![](https://i3.wp.com/awsimages.detik.net.id/api/wm/2024/03/14/potret-warga-palestina-berebut-makanan-di-rafah-6_169.jpeg?wid=54&w=650&v=1&t=jpeg&w=1200&resize=1200,0&ssl=1)
Jakarta –
Untuk bisa mendapatkan makanan, warga Gaza Utara yang kini wilayahnya sudah hancur harus membeli makanan kaleng, sedikit tepung, dan biji-bijian di pasar darurat. Salah seorang ibu bernama Nermeen Tafesh bersama kelima anaknya harus menjelajahi kios setiap hari untuk mendapatkan makanan dengan harga terjangkau.

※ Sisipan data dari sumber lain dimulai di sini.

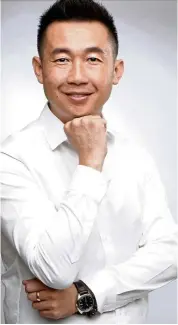  ?? — YAP CHEE HONG/The Star ?? Chang wants to disrupt the dress shirt market with his pre-order business model.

Namun, kondisi yang terjadi pada saat ini membuat bahan-bahan makanan yang tersedia memiliki harga yang sangat mahal. Tanpa adanya pekerjaan, kebanyakan warga tidak memiliki penghasilan.
Tafesh terkejut ketika mengetahui bahwa harga kentang seberat dua pon (1 kg) mencapai 40 shekel atau Rp 173 ribu. Sedangkan harga beras dengan berat yang sama dijual dengan harga 80 shekel atau Rp 346 ribu. Padahal sebelum perang harga beras hanya sekitar Rp 31 ribu.
Kondisi tersebut tak jarang membuatnya harus kembali dari pasar dengan tangan kosong.
“Saya sekarang menjadi satu-satunya pencari nafkah bagi keluarga saya dan kami belum menerima bantuan kemanusiaan apapun semenjak perang dimulai,” ucap Tafesh dikutip dari NPR, Sabtu (30/3/2024).
Putra sulung Tafesh, Yousef (14) membantu ibunya mencari kayu untuk membuat api. Hal ini dilakukan Yousef karena Israel telah memutus bahan bakar dan listrik.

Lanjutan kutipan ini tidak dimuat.